The Blue Horizon, a legendary former boxing venue on North Broad Street, may be reborn as The Hotel Blue on Broad, a boutique spot with restaurants, a jazz club, and some nods to its past lives.
Mosaic Development Partners and their architect, historian and other experts described their plan for Hotel Blue on Broad to the Philadelphia City Planning Commission Tuesday. Mosaic principal Leslie A. Smallwood-Lewis said the $28 million hotel would have 87 rooms, including 12 suites in the historic former mansions that make up the Blue Horizon, at 1314-1316 N. Broad. The developers have received a $6 million state redevelopment grant.
Other rooms would be housed in a new, 8-story addition to the building that would be built on the footprint of 1310 N. Broad. That building, now home to performance venue and catering hall Dowling’s Place, would be torn down, said project attorney Darwin Beauvais. Dowling’s owner would move to a supper-club like space below grade in the new hotel, Smallwood-Lewis said.
The operator of the larger restaurant has not yet been determined, Smallwood-Lewis said after the meeting.
About 1,500 boxing fans could watch bouts at The Blue Horizon before it was shuttered in July 2010. Some of this space would be used for hotel rooms, and the reborn multi-purpose room could hold between 800 and 900.
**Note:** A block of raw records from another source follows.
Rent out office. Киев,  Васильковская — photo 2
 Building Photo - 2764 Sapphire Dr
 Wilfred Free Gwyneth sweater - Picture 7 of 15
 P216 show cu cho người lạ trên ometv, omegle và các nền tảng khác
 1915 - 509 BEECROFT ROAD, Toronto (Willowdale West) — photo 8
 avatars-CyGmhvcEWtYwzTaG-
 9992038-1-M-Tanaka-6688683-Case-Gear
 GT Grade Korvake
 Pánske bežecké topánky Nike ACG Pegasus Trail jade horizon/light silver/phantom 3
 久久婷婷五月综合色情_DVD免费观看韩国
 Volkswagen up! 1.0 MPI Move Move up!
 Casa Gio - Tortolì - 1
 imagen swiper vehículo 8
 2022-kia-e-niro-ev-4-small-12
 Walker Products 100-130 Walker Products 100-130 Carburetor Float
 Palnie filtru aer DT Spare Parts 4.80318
Those walking into the hotel would use the large, semi-circular staircase on Broad Street. Drivers would pull into a covered car lane to drop off passengers or use valet parking. There is no parking on site, but Mosaic is negotiating with property owners nearby, and is also working out agreements to use Temple University parking facilities for its largest events, Smallwood-Lewis said.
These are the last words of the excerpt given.